Funding Fear - Ben Simpson and David Campion Interviewed

Producing good independent movies is hard enough for any upcoming filmmaker, trying to do it in the UK can be seen like walking against a gale force storm at times so our very own Indie guru Stu Willis took time out to chat with filmmakers Ben Simpson and David Campion on the success of their film PATROL MEN and the perils of pursuing funding for their latest venture WOODFALLS


Stu: Hi, thanks for the opportunity to chat with you both. I’d like to open by saying that, considering your tender ages and the fact that your feature debut PATROL MEN was made for peanuts, it’s an amazingly accomplished piece of work – very intelligent, too. I have a very good feeling about your future as genre filmmakers.
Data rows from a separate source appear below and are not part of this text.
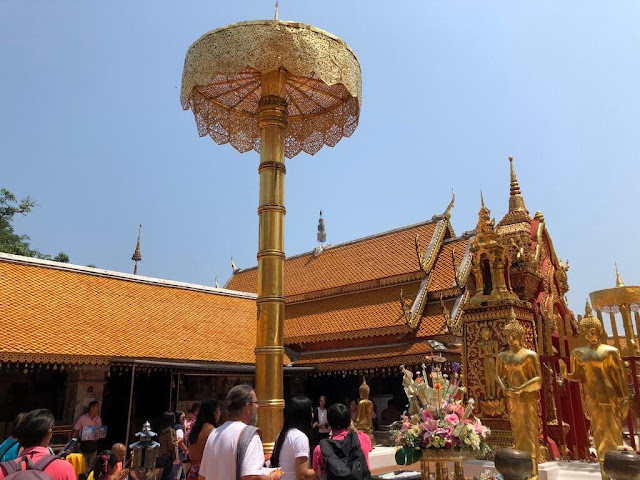 Wat Phra That Doi Suthep - Chiang Mai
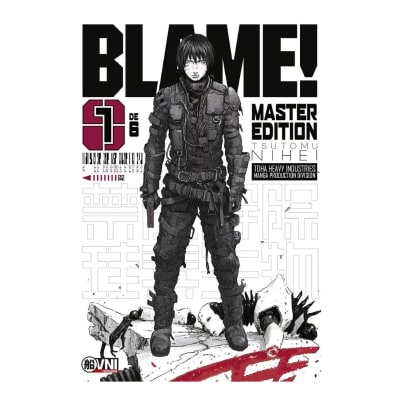 BLAME 01 (DE 6) - OVNIPRESS1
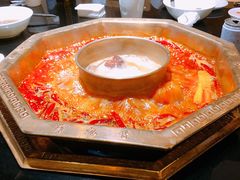 -蜀九香火锅(玉林店)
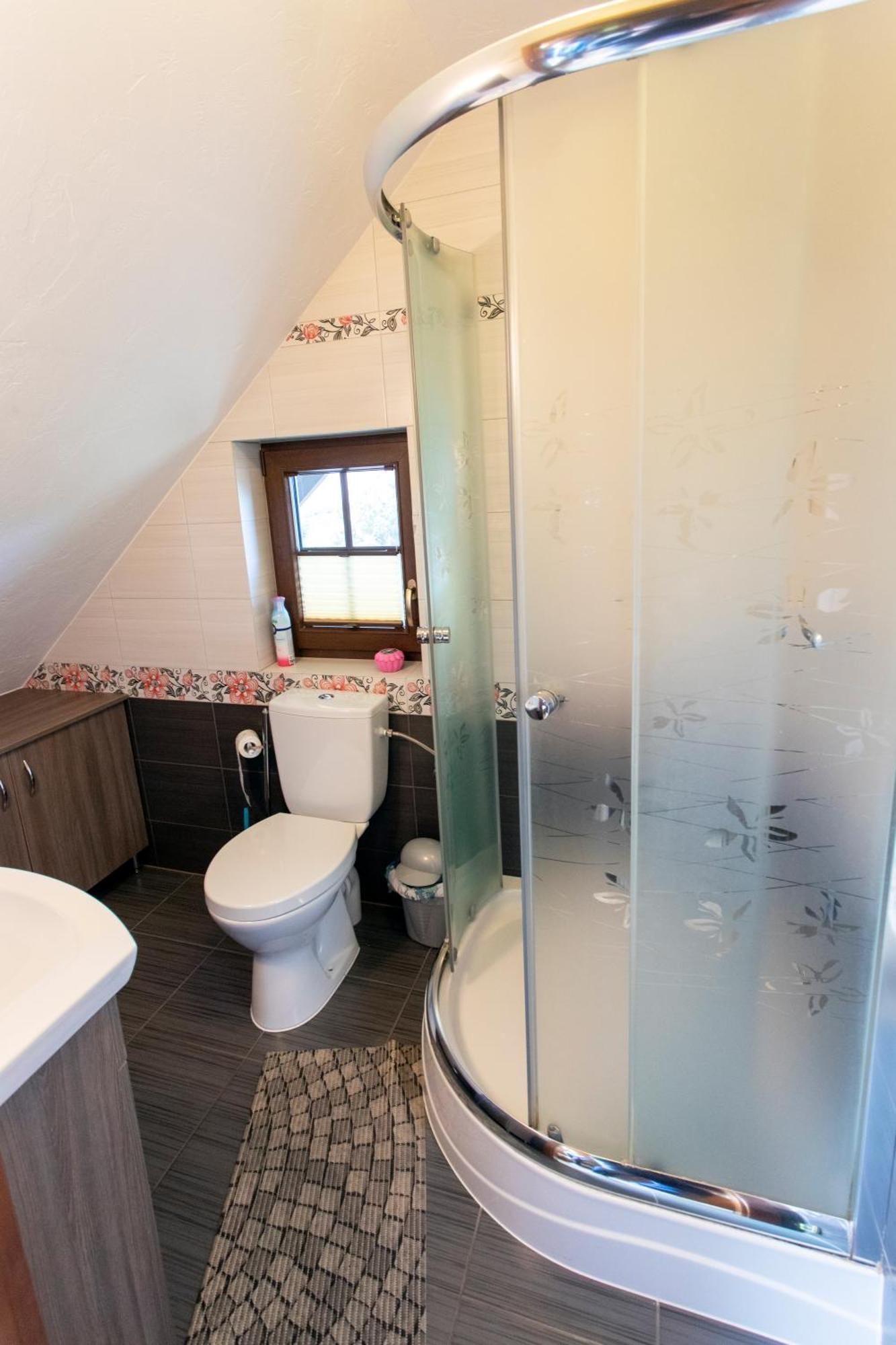 Villa Dom Pod Lipa Jaminy Esterno foto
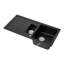 17 Stories 100mm W Single Bowl Composite Undermount Kitchen Sink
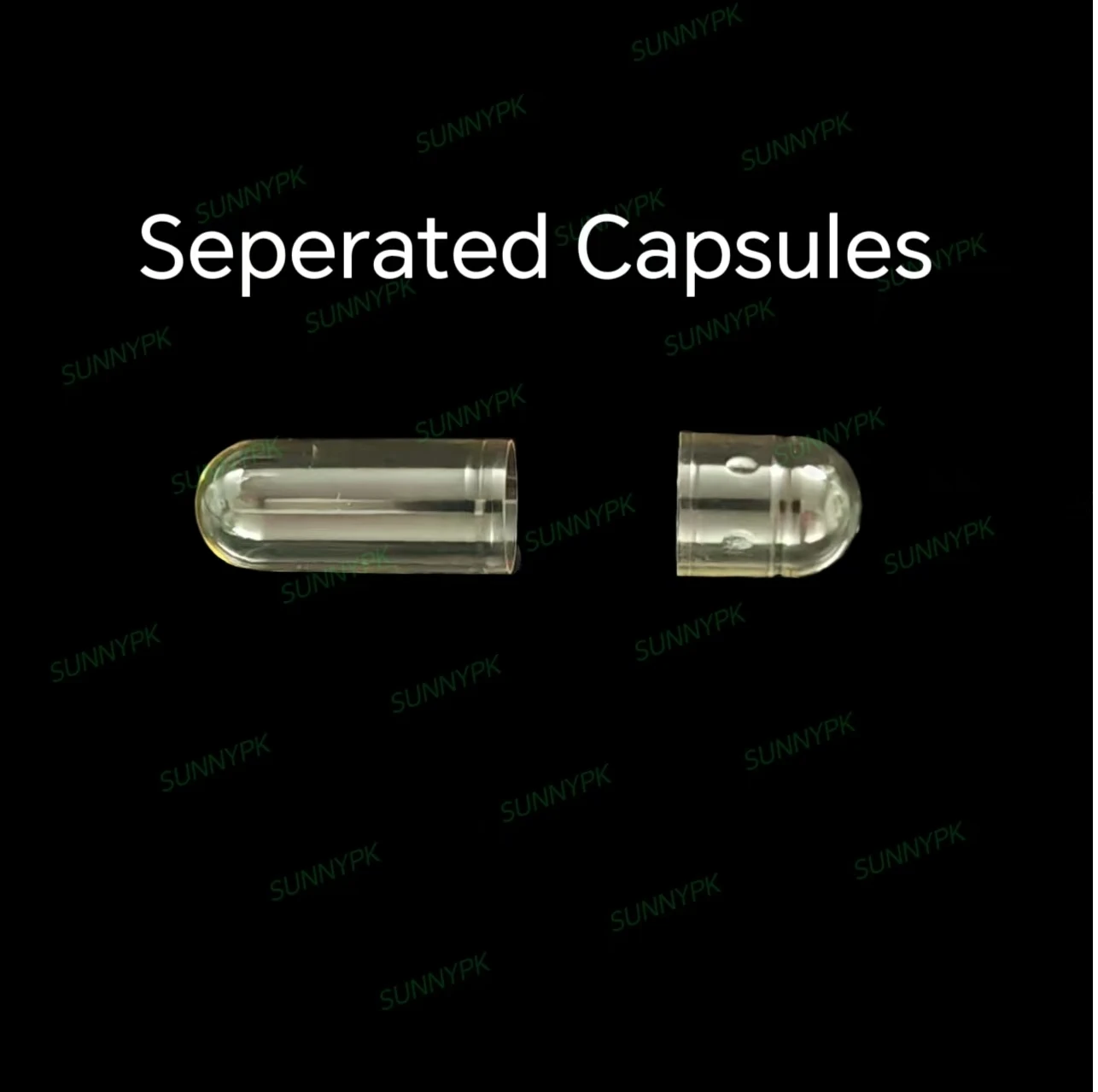 10000pcs 0# Plant Capsules !Halal HPMC Vegetarian Capsule,Vegetable Empty Capsules,Medicine Capsule! Joineded or Seperated !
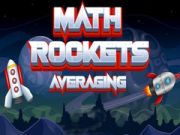 Lojë Raketat Matematike: Mesatarja në internet Lojë Raketat Matematike: Mesatarja në internet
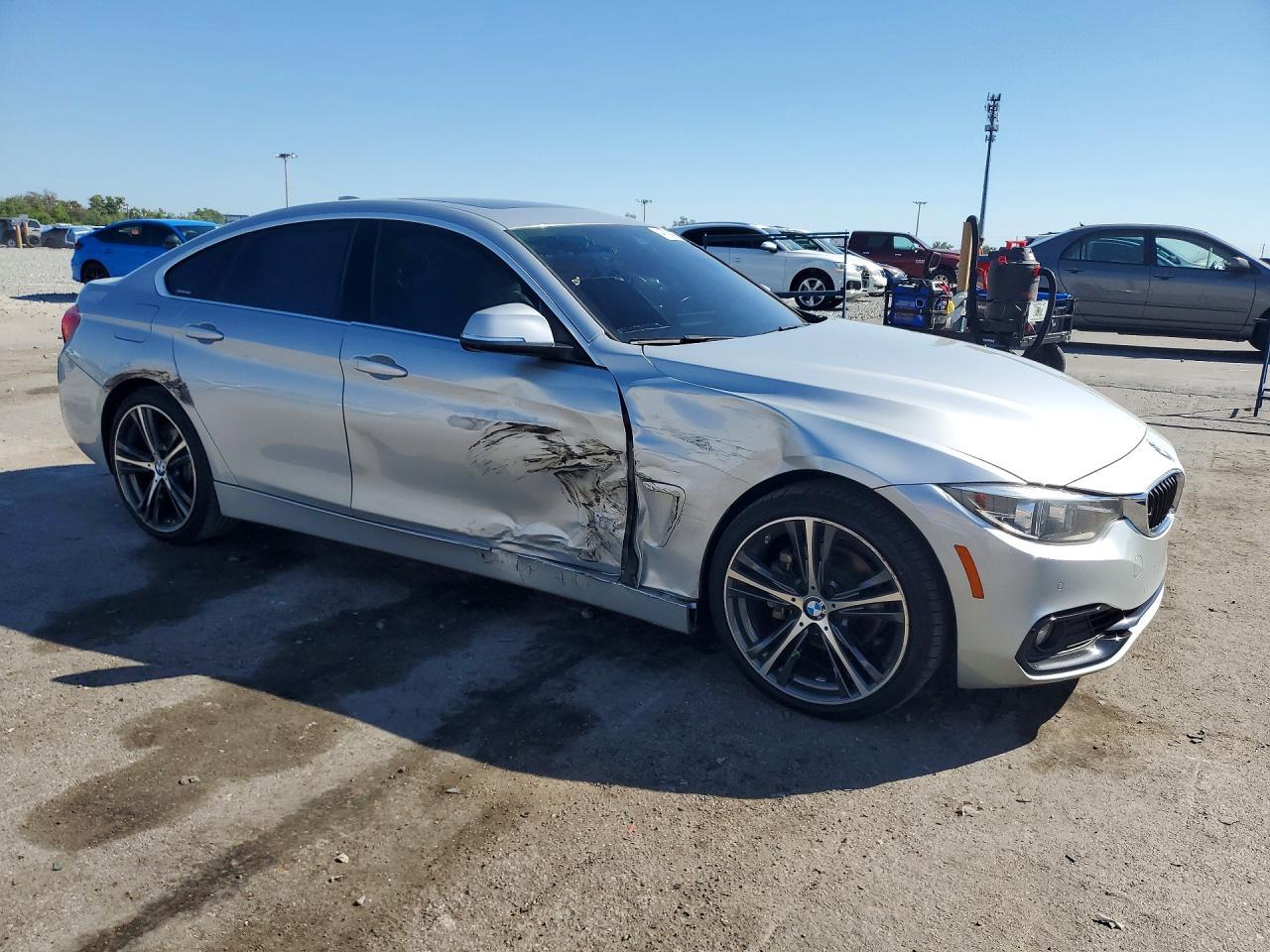 2019 BMW 430I Gran Coupe - Фото 4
So let’s start at the beginning. The pair of you began making short films together while still in full-time education, is this right? Can you talk a little about this – about how this came about, what your sources for techniques were, and what you learned about filmmaking along the way?

David: First off, thank you for the kind words. Somebody said we make "Ed Wood look like Scorsese", so getting positive word of any kind is really very nice.

As for our shorts, we started shooting together in school. One of us would act, whilst the other was on camera and then we would use Windows Movie Maker to edit them. HAHA. If nothing else, the shorts allowed us to be eclectic and experiment with different genres. I’m pretty sure our most successful one featured Ben masturbating over a video of me...based on true events. HAHAHA.

Ben: We quickly began to learn that you need more than a cast and crew of two people to make a film. We made a lot of films with blood and never seemed to master the technique. We’d spend hours making all this blood and in the end it just looked like thick syrup (which it was). It’s noticeable in Patrol Men too, in hindsight it would have been just as cheap to by some stage blood with the amount of food colouring and syrup we were buying.

David: It sucks we can’t make blood properly.

Stu: Are these shorts likely to transpire on DVD at any point?

Ben: If there’s demand for them I’d happily put them on a DVD as extras.

David: …I hope they never see the light of day.

Stu: On to PATROL MEN. Can you reveal a little more about the budget? Like, how was it raised and how was it spent?

David: Budget is always the biggest worry for indie films, but we were naive enough to forget about it. Between myself, Ben and Niall [Patrol Men producer] we worked day jobs solidly and raised a few grand. Biggest mistake we made- we didn’t allocate the budget properly.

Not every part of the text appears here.